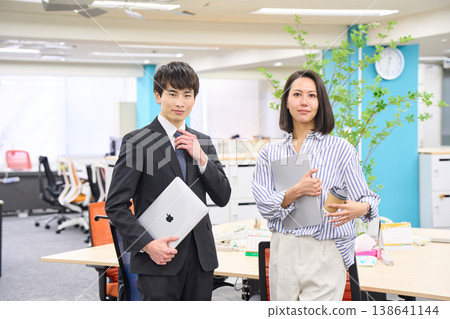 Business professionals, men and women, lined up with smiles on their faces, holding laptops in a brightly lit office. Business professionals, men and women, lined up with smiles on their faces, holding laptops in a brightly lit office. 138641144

* * *

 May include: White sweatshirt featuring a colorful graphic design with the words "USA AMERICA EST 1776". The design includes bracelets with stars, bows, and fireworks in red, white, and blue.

==

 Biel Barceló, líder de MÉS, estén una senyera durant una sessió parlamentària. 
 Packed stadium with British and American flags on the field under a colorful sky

(EXERCISE GOAL) Precisely the lines between those holding "Biel Barceló, líder" and "Packed stadium with", inclusive, are to be reproduced from the listing above, with nothing added.

(PROBLEM SOLUTION)
 Biel Barceló, líder de MÉS, estén una senyera durant una sessió parlamentària. 
 Packed stadium with British and American flags on the field under a colorful sky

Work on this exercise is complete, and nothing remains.